See, even my food time isn't safe anymore.
This is what I get for living in a bible belt state. You'd think a college campus would be pretty secular but noooo sir, not these twits.
I'm usually pretty good at avoiding the godbots, but I must reek atheism like fear because I have all friends of some sort of Christian persuasion. Most of them are pretty okay with the godless thing but there's a few that are, like, on a conversion mission. Sorry, I lack the god gene, no can do.

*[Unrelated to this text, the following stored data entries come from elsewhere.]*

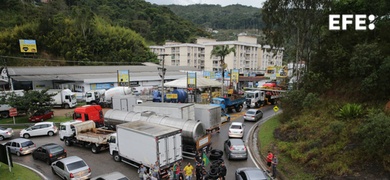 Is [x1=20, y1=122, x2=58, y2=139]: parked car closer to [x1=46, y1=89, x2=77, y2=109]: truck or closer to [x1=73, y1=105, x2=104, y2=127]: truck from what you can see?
[x1=73, y1=105, x2=104, y2=127]: truck

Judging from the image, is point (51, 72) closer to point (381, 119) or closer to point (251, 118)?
point (251, 118)

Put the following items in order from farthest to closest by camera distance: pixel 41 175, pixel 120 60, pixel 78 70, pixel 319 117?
pixel 120 60
pixel 78 70
pixel 319 117
pixel 41 175

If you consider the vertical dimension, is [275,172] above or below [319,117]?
below

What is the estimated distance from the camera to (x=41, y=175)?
16250 mm

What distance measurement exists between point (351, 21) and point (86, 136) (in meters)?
26.3

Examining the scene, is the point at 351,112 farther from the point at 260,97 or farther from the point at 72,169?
the point at 260,97

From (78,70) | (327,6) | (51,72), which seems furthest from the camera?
(78,70)

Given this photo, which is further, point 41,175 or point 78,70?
point 78,70

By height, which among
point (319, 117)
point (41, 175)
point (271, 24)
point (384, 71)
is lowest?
point (41, 175)

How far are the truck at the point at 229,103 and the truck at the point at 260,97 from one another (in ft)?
4.78

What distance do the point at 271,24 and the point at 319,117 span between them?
1528cm

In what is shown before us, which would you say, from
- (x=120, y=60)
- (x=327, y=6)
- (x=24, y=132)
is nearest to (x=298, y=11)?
(x=327, y=6)

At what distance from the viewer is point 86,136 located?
20.1 metres

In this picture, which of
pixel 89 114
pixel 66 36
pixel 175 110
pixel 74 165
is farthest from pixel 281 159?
pixel 66 36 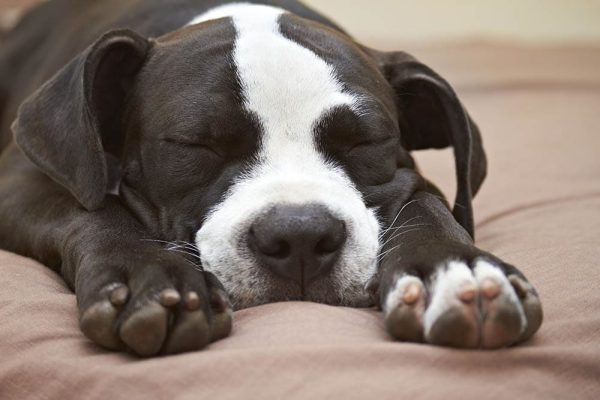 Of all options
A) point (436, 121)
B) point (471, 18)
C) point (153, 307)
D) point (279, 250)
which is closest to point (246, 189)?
point (279, 250)

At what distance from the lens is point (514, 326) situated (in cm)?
153

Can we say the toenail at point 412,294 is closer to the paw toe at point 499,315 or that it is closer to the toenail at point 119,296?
the paw toe at point 499,315

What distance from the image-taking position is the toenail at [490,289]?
153 cm

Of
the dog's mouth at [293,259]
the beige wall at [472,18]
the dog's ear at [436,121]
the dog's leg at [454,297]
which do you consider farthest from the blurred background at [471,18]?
the dog's leg at [454,297]

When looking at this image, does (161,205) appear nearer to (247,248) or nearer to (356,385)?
(247,248)

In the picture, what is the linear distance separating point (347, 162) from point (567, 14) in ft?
13.8

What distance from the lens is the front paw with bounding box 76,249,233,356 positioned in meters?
1.55

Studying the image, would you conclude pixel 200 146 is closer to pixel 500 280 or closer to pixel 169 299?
pixel 169 299

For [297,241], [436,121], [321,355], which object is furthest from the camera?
[436,121]

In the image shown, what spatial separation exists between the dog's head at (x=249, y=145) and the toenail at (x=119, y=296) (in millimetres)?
269

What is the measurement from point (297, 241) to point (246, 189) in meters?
0.22

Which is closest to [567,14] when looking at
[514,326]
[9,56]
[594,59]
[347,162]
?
[594,59]

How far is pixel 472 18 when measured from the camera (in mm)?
5922

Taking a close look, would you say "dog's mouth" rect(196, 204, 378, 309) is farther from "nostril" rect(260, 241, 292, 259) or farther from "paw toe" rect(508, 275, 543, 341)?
"paw toe" rect(508, 275, 543, 341) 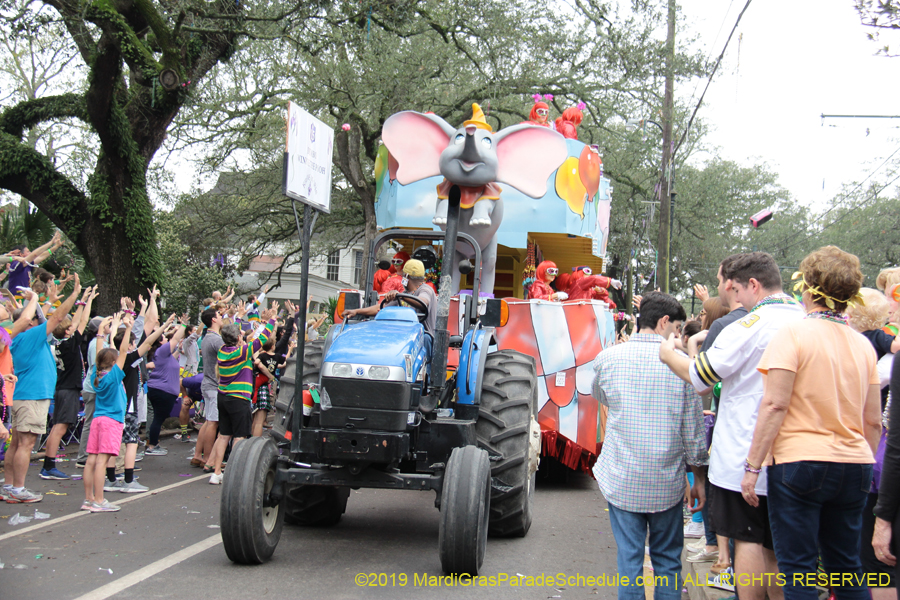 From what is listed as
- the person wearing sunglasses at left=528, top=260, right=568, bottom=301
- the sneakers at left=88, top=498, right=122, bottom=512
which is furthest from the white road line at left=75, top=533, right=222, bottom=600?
the person wearing sunglasses at left=528, top=260, right=568, bottom=301

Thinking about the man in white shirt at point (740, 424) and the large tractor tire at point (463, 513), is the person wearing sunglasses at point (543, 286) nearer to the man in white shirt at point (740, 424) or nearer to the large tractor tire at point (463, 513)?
the large tractor tire at point (463, 513)

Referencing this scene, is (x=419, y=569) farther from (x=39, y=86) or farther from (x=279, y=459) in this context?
(x=39, y=86)

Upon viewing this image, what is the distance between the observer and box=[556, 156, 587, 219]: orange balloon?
9198 millimetres

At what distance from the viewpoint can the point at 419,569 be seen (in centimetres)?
502

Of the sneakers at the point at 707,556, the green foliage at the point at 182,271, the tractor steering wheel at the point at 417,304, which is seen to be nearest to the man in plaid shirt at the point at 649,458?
the sneakers at the point at 707,556

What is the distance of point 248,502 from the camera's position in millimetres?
4621

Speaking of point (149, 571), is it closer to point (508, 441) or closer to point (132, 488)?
point (508, 441)

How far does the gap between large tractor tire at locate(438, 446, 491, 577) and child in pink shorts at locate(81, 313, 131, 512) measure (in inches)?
142

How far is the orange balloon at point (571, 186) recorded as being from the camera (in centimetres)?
920

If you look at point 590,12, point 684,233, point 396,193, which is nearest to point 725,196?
point 684,233

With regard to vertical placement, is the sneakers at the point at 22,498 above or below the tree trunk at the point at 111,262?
below

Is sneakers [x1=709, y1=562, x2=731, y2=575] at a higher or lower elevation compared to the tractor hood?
lower

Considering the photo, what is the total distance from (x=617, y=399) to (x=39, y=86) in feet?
90.6

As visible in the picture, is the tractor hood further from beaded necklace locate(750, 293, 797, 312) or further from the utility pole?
the utility pole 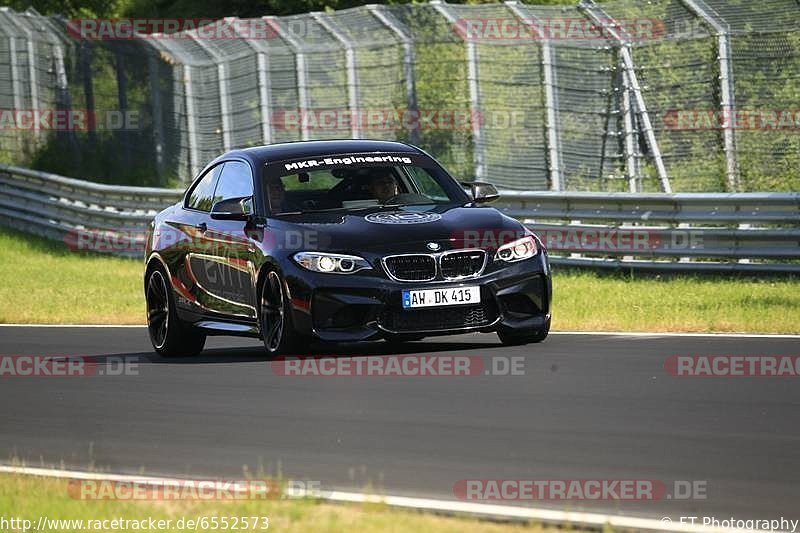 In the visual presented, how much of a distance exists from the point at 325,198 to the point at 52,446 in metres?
4.07

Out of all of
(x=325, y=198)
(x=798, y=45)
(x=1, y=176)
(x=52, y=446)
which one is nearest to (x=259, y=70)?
(x=1, y=176)

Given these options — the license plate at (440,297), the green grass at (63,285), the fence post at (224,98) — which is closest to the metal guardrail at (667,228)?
the green grass at (63,285)

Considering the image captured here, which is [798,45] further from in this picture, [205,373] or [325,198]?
[205,373]

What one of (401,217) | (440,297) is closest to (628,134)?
(401,217)

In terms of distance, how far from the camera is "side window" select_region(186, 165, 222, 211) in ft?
45.7

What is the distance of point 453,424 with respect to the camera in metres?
8.94

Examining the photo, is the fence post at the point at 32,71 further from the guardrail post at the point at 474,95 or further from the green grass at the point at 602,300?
the guardrail post at the point at 474,95

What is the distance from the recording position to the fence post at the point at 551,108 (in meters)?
22.2

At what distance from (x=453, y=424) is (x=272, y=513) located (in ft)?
8.02

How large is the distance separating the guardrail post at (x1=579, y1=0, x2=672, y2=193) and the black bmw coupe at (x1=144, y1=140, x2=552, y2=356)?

So I try to be gentle with friends, but when total strangers do it, I don't care. Skip to dinner this Tuesday, eating with a friend in Main Meal (aka the cafeteria). Dinner's going okay until some guy--a big, husky, hairy, piercing'd guy--asks to sit with us. She knows him, he can't remember her.
This, ladies and gents, is our evangelical. And I know because it doesn't take long for him to give his life story (he's a fecking Born Again'er) and start relating it to being saved and rambling on and on about the damned Gospels. He compares the Dark Knight to the Gospels (it has a beginning, middle, and end!)
As I was half-listening to dude drone on I texted Daniel about how badly I wanted to fuck his shit up, especially concerning his indirectly referring to gays as evil because they take bible quotes out of context.
Hey. Hey. You know who else takes bible quotes out of contexts? Christians.
Nyarlathotep be praised he did go on and on. He pretty much failed everything on this list with no sense of irony and I just lol'd and lol'd along. And the minute he got up to get something else to eat I booked it and quit that bitch. Been avoiding him & the cafeteria ever since.
Although, I know if I had to confront his ass a second time on my own it'd be a different story. I try not to nonplus and offend my religions friends :/ but I find Christianity to be quite petty in sneaking up on poor lil me like that so really fuck em.
AND the Witnesses of Jehovah have been out in full force, and I'm not sure who that is that wears blue *sigh* Like...I'm surrounded y'all. Plus it's Orientation so the school's throwing everything they have at the new incoming students to make them feel at home, or rather, make them feel horribly uncomfortable and bemused. BUT if I were being the good atheist I was supposed to be, I probably would have skipped to Chicago like I should have. Oh well, can't let it get me down I suppose.